Find answers, ask questions, and share your expertise

Datanode not starts correctly

avatar

we tried to start the data node and we get the following errors down ,

then we try to solve it by we removed the /.../sdXX/hadoop/hdfs/data on all partitions and recreate the data again but with the same errors

please advice what need to fix in our worker machine to start the datanode corectly?

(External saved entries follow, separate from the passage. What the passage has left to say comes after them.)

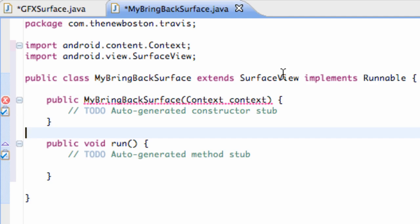Now basically when we use the surface view. Like I said it's going to be a little bit different than when we use our actual view class. It's going to be a little bit more complex. But that's fine. I trust that you guys will be able to catch on.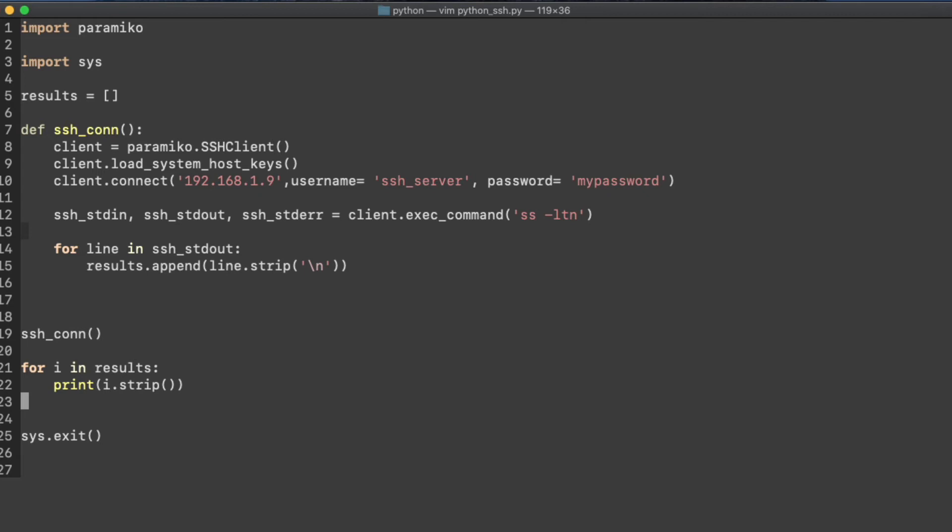And we need to use the sys exit to close the connection. That's important. Now, I've done this without putting it in a function, without the def sshcon, and it does generate an error when you do that for some unknown reason. So I'd suggest that you do it exactly like here, where you put the SSH, the paramiko classes and methods in a function and just simply call it.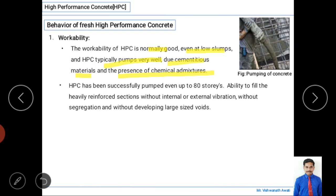HPC has been successfully pumped up to 80-story buildings, and even higher is possible with proper conditions. HPC has the ability to fill heavily reinforced sections without internal or external vibration, similar to self-compacting concrete. It fills sections without segregation and without developing large voids, contributing to its good workability.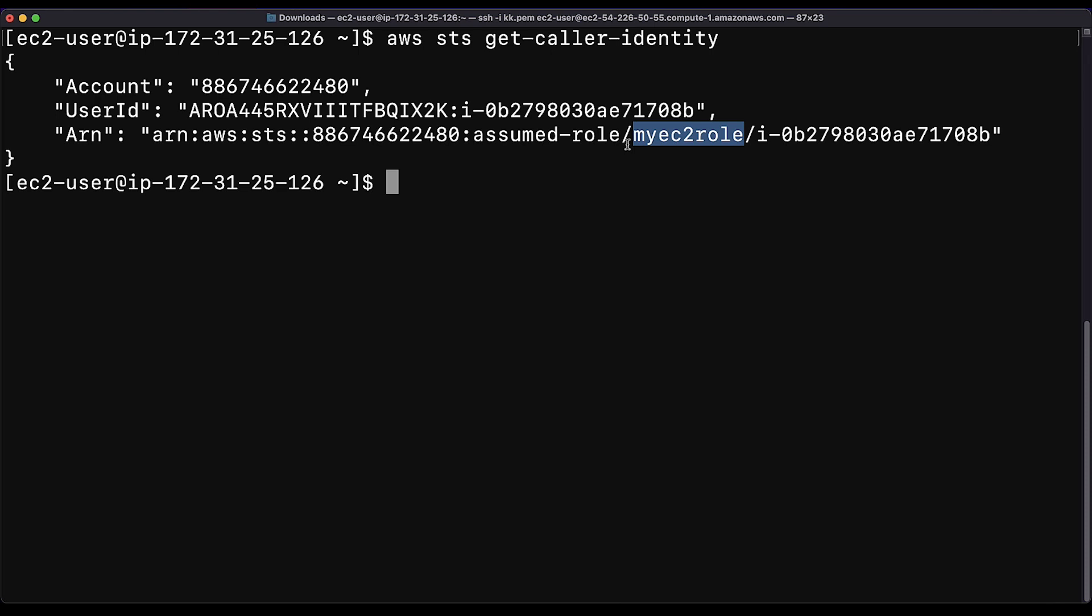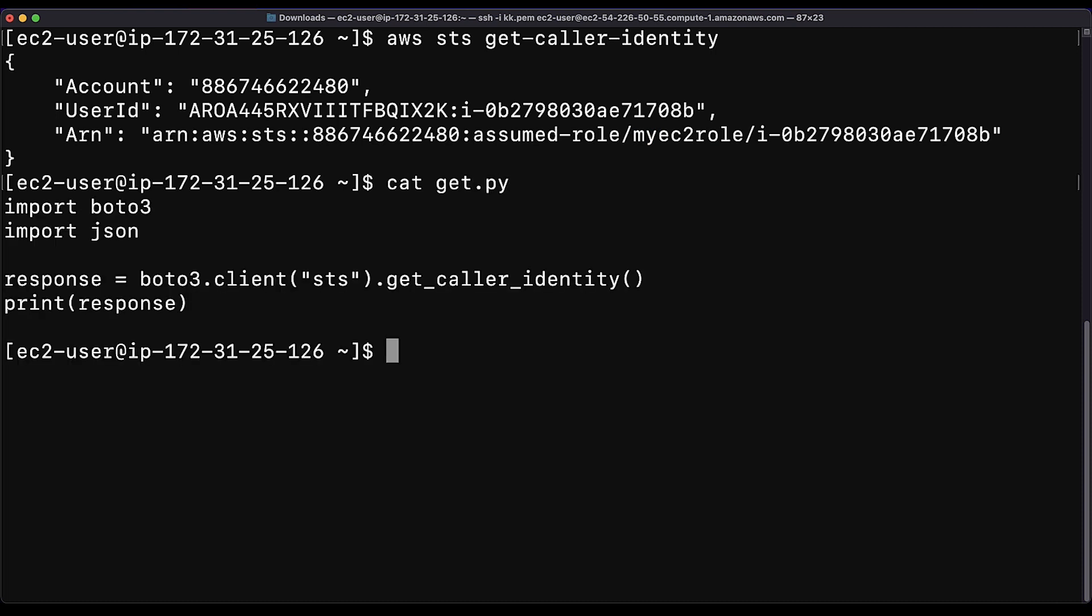If you are using the AWS SDK, you can use the same API call by using the GetCallerIdentity call with your AWS security token service client. The following code example shows you how to run this in AWS SDK for Python.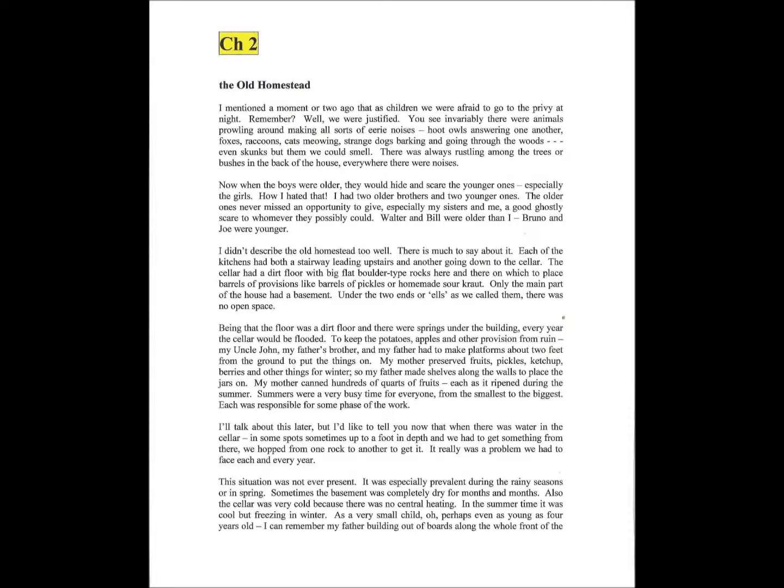Only the main part of the house had a basement. Under the two Ns or Ls, as we called them, there was no open space. Being that the floor was a dirt floor and there were springs under the building, every year the cellar would be flooded. To keep the potatoes, apples, and other provisions from ruin, my uncle John, my father's brother, and my father had to make platforms.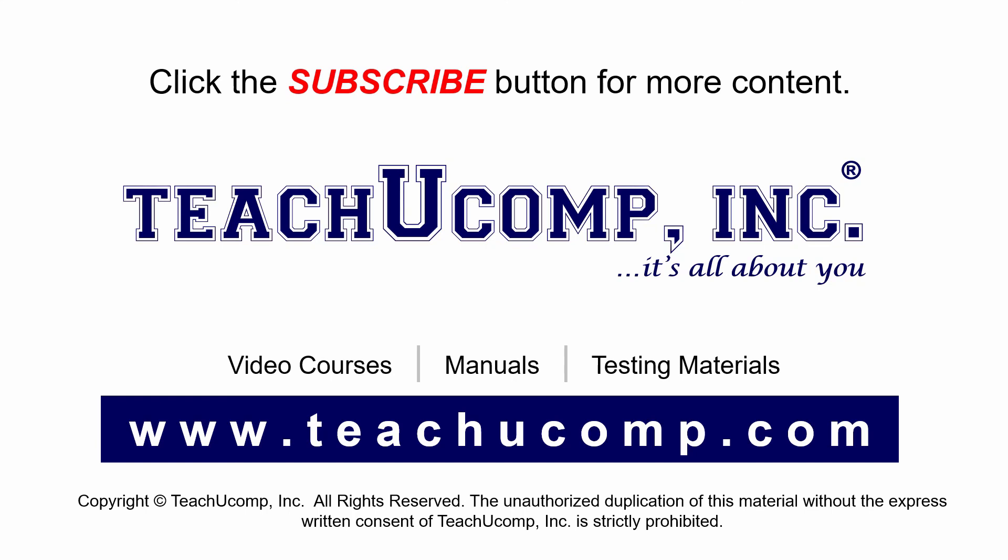Remember to click the subscribe button to see more of our videos. Of course, get ad-free courses at teachucomp.com.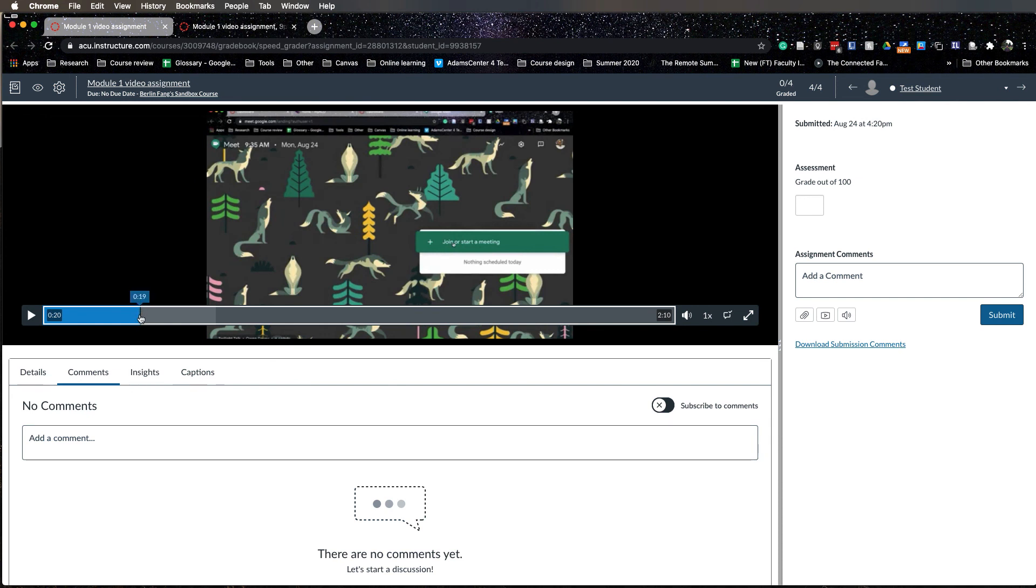This is how you create a video assignment and how you accept the video assignment and how you grade it. Let me know if you have any questions, thank you.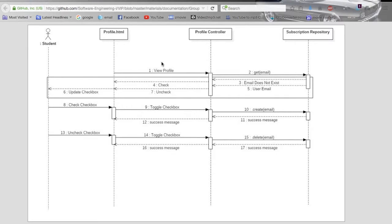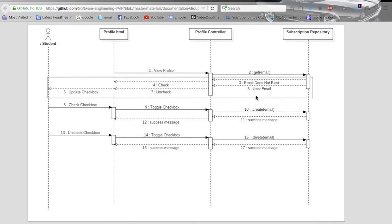Now we will go over the subscription sequence diagram. When a student accesses the profile page, the profile controller will automatically call a GET function to the repository, which will then return the user's email or email does not exist — which are actually flipped. Three should be user email and five should be email does not exist. If the repository returns user email, that means the email was found and the checkbox will be checked when the profile page is loaded. If the repository returns email does not exist, that means the email was not found and the checkbox will be unchecked.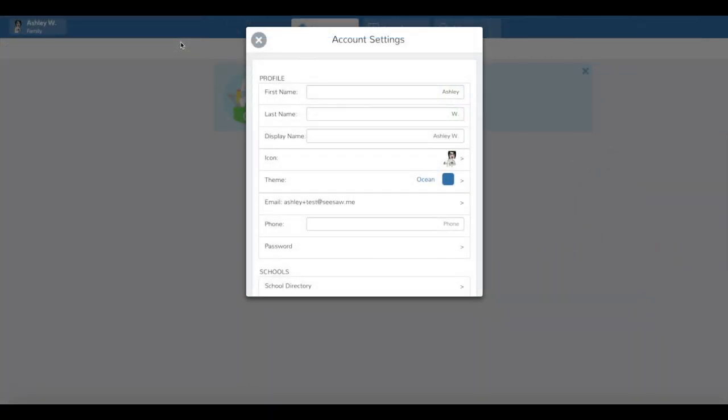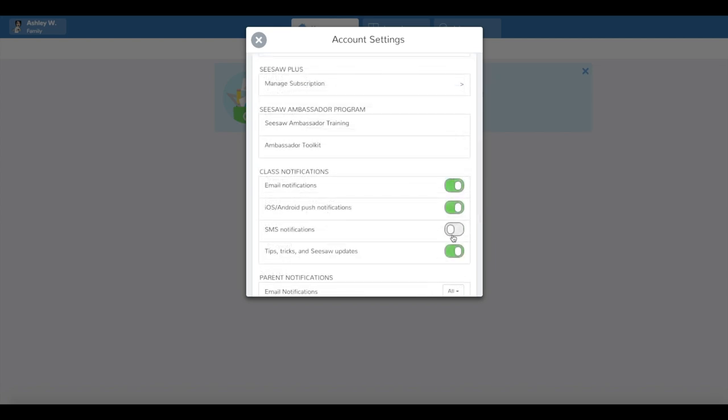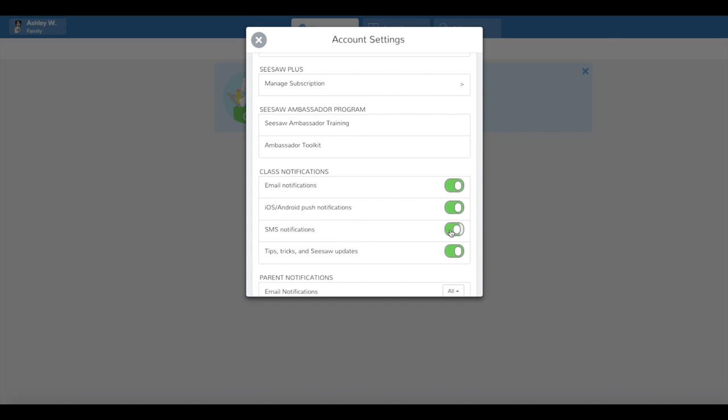In the phone field, add your phone number, area code first without spaces. Scroll down and toggle SMS notifications to on.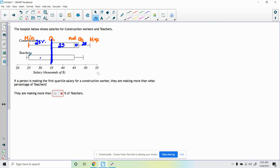...the bottom 50%. 50 percent is your answer.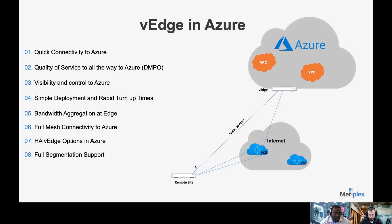These are the reasons why this is our most popular deployment model — the Azure environment becomes another spoke off the network and looks just like another data center where your applications and workloads are sitting. We can also control business policies ingress and egress in Azure in this scenario. So if we want to prioritize or deprioritize traffic for certain applications, we can do that throughout the whole network, including at the Azure ingress.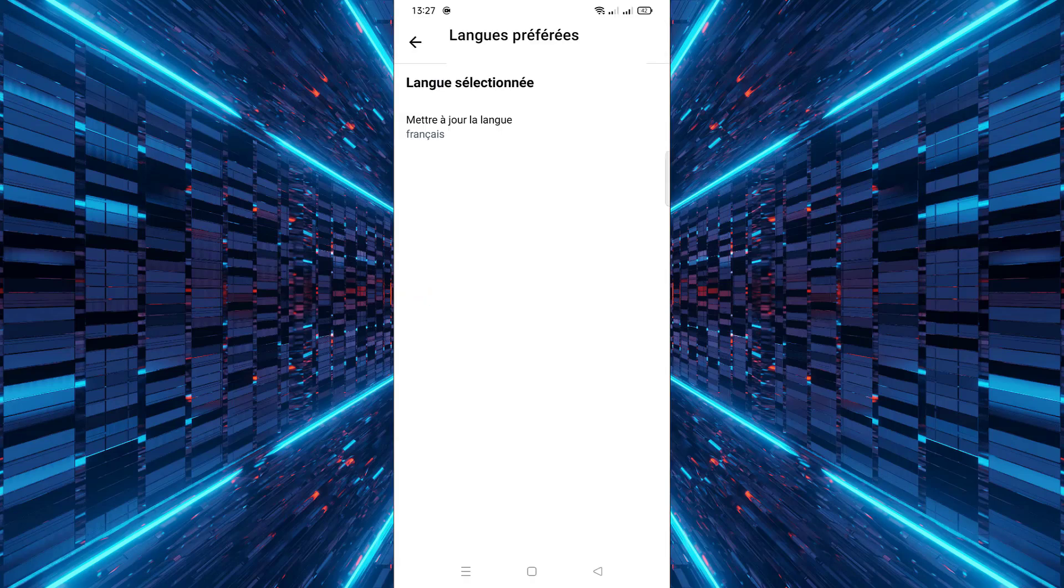And that's all it takes to change the language in the X-Mobile app. If this tutorial helped you, feel free to subscribe for more useful tech guides and how-to videos. See you next time.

2017-11-20 22:20:44,907 WARN  common.Storage (DataStorage.java:loadBlockPoolSliceStorage(502)) - Failed to add storage directory [DISK]file:/wrk/sdd/hadoop/hdfs/data/ for block pool BP-2098469986-109.64.28.153-1497173237387
java.io.IOException: BlockPoolSliceStorage.recoverTransitionRead: attempt to load an used block storage: /wrk/sdd/hadoop/hdfs/data/current/BP-2098469986-109.64.28.153-1497173237387
        at org.apache.hadoop.hdfs.server.datanode.BlockPoolSliceStorage.loadBpStorageDirectories(BlockPoolSliceStorage.java:218)
        at org.apache.hadoop.hdfs.server.datanode.BlockPoolSliceStorage.recoverTransitionRead(BlockPoolSliceStorage.java:251)
        at org.apache.hadoop.hdfs.server.datanode.DataStorage.loadBlockPoolSliceStorage(DataStorage.java:490)
        at org.apache.hadoop.hdfs.server.datanode.DataStorage.addStorageLocations(DataStorage.java:419)
        at org.apache.hadoop.hdfs.server.datanode.DataStorage.recoverTransitionRead(DataStorage.java:595)
        at org.apache.hadoop.hdfs.server.datanode.DataNode.initStorage(DataNode.java:1543)
        at org.apache.hadoop.hdfs.server.datanode.DataNode.initBlockPool(DataNode.java:1504)
        at org.apache.hadoop.hdfs.server.datanode.BPOfferService.verifyAndSetNamespaceInfo(BPOfferService.java:319)
        at org.apache.hadoop.hdfs.server.datanode.BPServiceActor.connectToNNAndHandshake(BPServiceActor.java:269)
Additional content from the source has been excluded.